I want to be frank with this article. It’s written to a very specific type of member on BP. We all started off like them, but some of us have grown past it. It bothers me so many people haven’t yet, and I’d like to address one of the main reasons why I think that is.

I’m referring to those who have been spending sizable amounts of time on BP and still haven’t bought your first property. If this is you, you know who you are. You are educated, you understand the process, you have the resources, and you know where to go to find the answers to the questions that will pop up. You are equipped for the journey, but you aren’t taking the plunge.

We have all heard the typical reasons why this is:

  • Analysis paralysis
  • Lack of mentors
  • Too hard to find a deal
  • Agents aren’t doing a good enough job
  • Interest rates are rising
  • Blah, blah, blah

I’d like to suggest there might be one reason that is bigger than all of these, and nobody is really talking about it.

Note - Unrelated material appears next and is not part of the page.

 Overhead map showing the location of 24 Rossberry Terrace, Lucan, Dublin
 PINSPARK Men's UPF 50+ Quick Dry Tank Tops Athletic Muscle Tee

Unreasonable expectations.

If you’re like the majority of BiggerPockets members, you’re getting a lot from this site. You check the blog weekly for new posts, you follow the webinars, you peruse the forums looking for new information or new questions. You read their books, engage with the community, and genuinely look for guidance. You’re doing everything you can to faithfully pursue this dream of financial freedom through real estate. You really believe it can happen. You know what to do, but you’re not doing it.

Why is that?

Emotion vs. Logic

Let me start by taking a minute to step back to describe a phenomenon that affects our decision-making process. The concept is very simple. When I became a real estate agent and began representing people buying residential property, I did what any other human would do. I took what I already knew and applied it to a new setting. I approached my clients with the same approach I would use in my own previous experience investing.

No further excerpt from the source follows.